*** DATA FOR THIS TASK Section Begins ***

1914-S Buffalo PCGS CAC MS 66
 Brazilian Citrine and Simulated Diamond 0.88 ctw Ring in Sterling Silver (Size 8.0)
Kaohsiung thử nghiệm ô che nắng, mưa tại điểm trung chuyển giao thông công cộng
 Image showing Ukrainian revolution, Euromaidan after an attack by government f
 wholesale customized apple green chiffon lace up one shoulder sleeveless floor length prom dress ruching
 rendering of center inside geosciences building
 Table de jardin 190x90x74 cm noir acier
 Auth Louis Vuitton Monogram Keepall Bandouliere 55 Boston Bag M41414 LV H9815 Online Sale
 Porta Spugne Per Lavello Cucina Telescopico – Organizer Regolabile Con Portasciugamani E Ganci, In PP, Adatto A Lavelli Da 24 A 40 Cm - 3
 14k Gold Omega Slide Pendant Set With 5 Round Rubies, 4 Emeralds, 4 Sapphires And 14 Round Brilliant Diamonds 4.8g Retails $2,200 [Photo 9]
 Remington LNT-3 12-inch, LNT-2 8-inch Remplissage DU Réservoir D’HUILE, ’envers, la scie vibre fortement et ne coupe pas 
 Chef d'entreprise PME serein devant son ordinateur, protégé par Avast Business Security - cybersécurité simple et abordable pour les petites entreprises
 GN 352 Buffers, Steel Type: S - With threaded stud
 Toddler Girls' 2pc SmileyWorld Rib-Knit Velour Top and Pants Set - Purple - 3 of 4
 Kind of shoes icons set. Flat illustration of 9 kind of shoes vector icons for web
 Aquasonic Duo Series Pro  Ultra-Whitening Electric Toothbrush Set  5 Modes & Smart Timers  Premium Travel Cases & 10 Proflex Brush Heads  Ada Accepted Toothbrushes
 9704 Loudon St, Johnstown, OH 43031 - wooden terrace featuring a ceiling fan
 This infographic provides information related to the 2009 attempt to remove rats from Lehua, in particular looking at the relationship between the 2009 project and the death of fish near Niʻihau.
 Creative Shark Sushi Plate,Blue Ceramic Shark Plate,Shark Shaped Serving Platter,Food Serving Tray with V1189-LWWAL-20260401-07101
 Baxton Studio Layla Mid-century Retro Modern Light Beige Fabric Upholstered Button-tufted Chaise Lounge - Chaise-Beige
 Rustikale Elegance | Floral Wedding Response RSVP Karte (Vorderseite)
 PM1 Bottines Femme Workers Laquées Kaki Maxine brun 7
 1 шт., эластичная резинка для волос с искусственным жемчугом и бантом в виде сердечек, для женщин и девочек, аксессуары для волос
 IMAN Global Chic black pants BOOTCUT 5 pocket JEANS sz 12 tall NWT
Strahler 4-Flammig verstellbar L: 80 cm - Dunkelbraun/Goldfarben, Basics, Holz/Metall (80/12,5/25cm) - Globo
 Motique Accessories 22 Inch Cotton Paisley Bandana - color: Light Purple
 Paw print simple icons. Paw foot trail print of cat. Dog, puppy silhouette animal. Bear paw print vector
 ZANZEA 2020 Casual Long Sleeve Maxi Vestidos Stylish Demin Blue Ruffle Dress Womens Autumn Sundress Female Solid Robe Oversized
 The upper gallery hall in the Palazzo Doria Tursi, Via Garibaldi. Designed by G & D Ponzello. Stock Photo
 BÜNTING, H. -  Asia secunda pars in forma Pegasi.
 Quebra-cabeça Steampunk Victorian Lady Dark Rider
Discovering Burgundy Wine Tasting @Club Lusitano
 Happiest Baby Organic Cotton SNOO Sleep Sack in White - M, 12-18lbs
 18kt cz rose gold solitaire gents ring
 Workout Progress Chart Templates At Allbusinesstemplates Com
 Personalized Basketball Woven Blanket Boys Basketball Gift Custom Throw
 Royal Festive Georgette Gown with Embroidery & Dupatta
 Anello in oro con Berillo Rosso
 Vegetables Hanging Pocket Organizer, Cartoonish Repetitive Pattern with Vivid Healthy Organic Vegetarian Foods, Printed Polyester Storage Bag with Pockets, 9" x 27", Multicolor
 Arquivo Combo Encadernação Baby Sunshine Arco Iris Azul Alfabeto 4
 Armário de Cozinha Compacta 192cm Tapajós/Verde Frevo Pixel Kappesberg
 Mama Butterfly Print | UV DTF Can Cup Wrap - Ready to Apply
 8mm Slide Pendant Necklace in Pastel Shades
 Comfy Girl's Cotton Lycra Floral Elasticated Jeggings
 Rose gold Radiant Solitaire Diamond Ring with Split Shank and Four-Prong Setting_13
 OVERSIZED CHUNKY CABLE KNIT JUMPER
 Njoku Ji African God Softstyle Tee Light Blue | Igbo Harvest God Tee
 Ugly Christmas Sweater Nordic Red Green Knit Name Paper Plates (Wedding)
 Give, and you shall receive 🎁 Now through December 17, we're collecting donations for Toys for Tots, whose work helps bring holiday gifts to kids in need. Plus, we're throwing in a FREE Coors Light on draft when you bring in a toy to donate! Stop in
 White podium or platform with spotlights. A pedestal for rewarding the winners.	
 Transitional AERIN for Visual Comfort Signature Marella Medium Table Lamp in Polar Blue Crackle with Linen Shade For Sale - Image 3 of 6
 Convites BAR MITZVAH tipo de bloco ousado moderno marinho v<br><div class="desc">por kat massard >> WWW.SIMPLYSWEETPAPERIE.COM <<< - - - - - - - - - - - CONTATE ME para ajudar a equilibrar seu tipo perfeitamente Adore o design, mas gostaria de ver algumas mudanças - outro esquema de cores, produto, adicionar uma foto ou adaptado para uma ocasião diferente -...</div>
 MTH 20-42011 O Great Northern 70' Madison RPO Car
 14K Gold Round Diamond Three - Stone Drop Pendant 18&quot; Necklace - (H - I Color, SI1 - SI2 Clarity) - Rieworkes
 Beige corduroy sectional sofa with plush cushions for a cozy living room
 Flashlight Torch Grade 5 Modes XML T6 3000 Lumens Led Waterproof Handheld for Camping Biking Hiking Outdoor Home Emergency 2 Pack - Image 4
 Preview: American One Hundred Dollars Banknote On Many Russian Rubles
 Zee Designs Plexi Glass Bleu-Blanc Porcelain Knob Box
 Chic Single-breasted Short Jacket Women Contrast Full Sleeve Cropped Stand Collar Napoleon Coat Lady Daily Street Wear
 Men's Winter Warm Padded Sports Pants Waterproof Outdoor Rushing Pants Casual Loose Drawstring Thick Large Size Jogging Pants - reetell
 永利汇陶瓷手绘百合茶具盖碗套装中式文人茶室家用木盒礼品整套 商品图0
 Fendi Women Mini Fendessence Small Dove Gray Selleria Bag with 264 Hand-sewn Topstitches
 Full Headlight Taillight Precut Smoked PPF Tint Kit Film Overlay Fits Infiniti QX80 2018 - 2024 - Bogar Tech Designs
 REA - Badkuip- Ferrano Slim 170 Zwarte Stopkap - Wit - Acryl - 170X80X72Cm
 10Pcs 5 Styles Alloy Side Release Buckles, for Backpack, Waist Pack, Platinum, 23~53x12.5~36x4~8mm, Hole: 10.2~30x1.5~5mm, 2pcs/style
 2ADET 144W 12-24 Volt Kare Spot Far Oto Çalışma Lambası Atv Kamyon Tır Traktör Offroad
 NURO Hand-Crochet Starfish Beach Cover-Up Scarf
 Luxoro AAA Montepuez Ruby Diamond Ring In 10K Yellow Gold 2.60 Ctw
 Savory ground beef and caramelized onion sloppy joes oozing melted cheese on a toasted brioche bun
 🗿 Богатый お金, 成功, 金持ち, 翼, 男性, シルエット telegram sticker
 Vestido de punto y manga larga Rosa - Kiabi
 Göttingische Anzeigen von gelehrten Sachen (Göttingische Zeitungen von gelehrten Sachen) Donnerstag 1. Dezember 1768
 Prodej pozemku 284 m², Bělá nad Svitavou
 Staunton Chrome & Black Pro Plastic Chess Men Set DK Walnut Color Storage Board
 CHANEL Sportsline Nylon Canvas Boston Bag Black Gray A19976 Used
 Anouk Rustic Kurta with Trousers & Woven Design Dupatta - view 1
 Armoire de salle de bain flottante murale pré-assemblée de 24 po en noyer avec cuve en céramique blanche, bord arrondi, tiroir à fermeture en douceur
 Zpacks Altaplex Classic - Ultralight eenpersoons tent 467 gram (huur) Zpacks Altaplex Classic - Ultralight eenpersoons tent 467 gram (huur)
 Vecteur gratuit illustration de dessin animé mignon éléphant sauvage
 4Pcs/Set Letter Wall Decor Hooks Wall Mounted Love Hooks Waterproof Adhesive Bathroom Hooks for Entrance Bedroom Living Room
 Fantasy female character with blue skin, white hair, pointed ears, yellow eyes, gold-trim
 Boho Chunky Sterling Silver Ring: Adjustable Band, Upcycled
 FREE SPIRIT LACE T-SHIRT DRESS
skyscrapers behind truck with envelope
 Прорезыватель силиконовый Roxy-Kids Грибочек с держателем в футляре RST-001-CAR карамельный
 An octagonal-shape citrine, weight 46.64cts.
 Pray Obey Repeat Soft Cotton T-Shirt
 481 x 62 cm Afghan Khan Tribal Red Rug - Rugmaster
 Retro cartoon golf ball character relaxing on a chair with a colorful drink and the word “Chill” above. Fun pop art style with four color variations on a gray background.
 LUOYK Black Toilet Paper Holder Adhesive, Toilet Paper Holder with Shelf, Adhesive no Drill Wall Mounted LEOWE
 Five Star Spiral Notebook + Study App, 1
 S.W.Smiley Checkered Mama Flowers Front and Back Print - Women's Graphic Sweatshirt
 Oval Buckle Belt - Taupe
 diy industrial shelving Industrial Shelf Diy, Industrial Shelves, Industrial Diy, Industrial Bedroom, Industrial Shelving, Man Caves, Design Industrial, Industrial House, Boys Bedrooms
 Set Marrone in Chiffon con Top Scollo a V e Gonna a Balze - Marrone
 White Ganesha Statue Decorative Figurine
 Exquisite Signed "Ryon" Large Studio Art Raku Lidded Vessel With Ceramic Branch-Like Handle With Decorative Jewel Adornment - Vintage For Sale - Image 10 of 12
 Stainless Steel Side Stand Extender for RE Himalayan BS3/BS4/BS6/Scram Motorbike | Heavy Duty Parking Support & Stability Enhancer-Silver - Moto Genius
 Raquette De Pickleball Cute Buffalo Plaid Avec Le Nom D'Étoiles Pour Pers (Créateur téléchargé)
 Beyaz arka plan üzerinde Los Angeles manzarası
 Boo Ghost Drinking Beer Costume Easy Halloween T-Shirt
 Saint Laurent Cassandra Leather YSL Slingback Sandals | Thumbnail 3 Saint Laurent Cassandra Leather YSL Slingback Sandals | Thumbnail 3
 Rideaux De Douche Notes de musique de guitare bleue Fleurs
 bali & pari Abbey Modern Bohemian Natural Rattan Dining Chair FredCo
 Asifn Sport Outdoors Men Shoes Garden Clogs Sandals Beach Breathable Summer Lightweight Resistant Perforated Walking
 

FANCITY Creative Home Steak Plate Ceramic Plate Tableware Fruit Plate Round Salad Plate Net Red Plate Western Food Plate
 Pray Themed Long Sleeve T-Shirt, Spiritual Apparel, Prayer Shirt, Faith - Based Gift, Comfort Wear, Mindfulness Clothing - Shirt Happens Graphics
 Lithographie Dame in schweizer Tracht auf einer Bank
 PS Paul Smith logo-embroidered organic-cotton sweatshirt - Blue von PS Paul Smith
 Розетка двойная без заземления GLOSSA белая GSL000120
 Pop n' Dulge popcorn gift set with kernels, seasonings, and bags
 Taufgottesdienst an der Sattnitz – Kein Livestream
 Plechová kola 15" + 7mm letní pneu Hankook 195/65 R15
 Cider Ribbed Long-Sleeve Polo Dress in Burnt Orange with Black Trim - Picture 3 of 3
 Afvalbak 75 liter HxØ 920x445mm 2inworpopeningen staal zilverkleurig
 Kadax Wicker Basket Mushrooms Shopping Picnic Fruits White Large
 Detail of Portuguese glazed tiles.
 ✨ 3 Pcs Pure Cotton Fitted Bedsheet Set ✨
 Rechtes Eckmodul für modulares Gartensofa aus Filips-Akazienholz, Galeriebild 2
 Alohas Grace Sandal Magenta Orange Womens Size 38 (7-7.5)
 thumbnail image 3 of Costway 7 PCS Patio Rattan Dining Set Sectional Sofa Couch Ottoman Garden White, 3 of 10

*** DATA FOR THIS TASK Section Ends ***

INSTRUCTIONS FOR THE TASK: Go through the entries and copy every line that has "Designs".

EXERCISE SOLUTION:
 Zee Designs Plexi Glass Bleu-Blanc Porcelain Knob Box
 Full Headlight Taillight Precut Smoked PPF Tint Kit Film Overlay Fits Infiniti QX80 2018 - 2024 - Bogar Tech Designs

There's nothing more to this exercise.